Beijing, Mar 27 (EFE).- China is exploiting the infrastructural needs of the Latin American countries to poach on Taiwan’s diplomatic allies, an expert has said, after Honduras severed bilateral ties with Taipei in favor of Beijing.

Charles Wu, who teaches diplomacy at the National Chengchi University, infrastructural needs were forcing Latin American countries like Nicaragua and Honduras to defect to China.

The diplomacy teacher was quoted by the official Central News Agency (CNA) as saying that China’s infrastructure assistance programs were alluring to nations that need support but cannot pay back their debts in the short run.

It enabled “Beijing to steal diplomatic allies away from Taiwan,” Wu said.

However, he warned that while China’s aide may seem more attractive on the surface than that offered by other partners, China’s strategic considerations might actually harm the country in the long run.

“Once the debt no longer benefits China, the infrastructure being handled by Beijing in nations it is assisting may come to a stop, leaving them to shoulder the burden on their own,” he said.

Su Tzu-yun, a research fellow at the Taiwan government-funded Institute for National Defense and Security Research, said the Honduran decision would affect the United States, which is losing its influence in the region.

He told CNA that newly established ties between Honduras and China could further the trend of the US slowly losing its influence in its own “backyard.”

Su said the US would be forced to speed up its plans to invest in the region to retain its influence in Latin America.

Chen Shih-min, who teaches political science at National Taiwan University, said the timing of China and Honduras announcing the diplomatic ties was noteworthy since Taiwanese President Tsai Ing-wen was visiting Central America this week.

Chen said the move was an act of intimidation to hurt Taiwan’s morale.

Honduras officially cut ties with Taiwan, ending a relationship it held with Taipei since 1941, in favor of establishing diplomatic ties with China.

The announcement comes 11 days after Honduras President Xiomara Castro ordered her foreign minister to establish diplomatic relations with China to comply with her government plan.

Honduras has become the ninth country in the world, and the fifth in Latin America, to establish a diplomatic relationship with China and cut ties with Taiwan since Tsai came to power in 2016.

The severing of ties with Taiwan by Honduras would reduce to 13 the number of countries with which Taipei maintains official diplomatic relations.

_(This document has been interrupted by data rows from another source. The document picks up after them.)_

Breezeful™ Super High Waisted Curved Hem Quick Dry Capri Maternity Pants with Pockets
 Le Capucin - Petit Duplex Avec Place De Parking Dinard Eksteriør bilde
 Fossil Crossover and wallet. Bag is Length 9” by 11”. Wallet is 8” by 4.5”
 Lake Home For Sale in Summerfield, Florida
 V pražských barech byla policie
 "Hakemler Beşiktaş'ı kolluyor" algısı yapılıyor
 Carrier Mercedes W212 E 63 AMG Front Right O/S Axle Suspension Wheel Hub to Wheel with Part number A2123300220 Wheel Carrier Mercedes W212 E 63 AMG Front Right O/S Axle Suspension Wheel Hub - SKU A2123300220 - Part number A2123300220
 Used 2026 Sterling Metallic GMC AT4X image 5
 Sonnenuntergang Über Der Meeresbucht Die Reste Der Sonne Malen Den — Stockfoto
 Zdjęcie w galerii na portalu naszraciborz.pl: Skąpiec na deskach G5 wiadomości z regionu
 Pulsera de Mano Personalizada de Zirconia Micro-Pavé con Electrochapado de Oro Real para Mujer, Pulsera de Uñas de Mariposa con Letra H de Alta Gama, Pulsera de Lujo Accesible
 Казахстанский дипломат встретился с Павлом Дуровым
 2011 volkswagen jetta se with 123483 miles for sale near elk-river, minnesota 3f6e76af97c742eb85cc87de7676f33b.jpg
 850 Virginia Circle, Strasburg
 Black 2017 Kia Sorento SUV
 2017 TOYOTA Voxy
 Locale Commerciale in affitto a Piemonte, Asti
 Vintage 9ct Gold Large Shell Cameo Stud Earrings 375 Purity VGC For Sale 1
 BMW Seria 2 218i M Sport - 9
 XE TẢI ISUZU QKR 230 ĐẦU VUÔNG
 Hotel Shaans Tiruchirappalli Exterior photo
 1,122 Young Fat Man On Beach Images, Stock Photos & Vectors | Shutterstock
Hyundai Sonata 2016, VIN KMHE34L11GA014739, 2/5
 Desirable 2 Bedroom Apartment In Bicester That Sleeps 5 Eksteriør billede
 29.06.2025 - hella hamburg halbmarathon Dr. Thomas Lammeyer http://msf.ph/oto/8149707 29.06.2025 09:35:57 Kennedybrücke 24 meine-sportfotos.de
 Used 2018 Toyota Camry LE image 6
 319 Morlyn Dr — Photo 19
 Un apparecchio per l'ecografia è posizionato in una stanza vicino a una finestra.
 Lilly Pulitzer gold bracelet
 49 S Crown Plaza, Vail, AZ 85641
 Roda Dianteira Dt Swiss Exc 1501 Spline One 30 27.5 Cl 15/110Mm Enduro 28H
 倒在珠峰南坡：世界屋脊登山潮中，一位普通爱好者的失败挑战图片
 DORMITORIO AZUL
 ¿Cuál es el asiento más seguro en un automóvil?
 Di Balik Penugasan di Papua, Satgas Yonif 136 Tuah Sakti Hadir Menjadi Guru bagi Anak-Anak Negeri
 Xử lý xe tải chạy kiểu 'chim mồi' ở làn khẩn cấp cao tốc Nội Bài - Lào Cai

Four Latin American countries, Panama, El Salvador, the Dominican Republic, and Nicaragua, broke off relations with Taiwan in recent years for China.

The countries with which Taiwan maintains diplomatic relations are Guatemala, Ciudad del Vaticano, Haiti, Paraguay, Esuatini, Tuvalu, Nauru, San Vicente and Granadinas, San Kitts and Nevis, Santa Lucia, Belice, Marshall Islands, Palau.

China considers the self-ruled island part of its territory.

Beijing says it reserves the right to use force to reunify Taiwan, even as a peaceful merger would be its first choice.

The island was the refuge of the Chinese Nationalist Party (Kuomintang) forces after losing the civil war with the Communists, who, since then, have claimed sovereignty over the territory.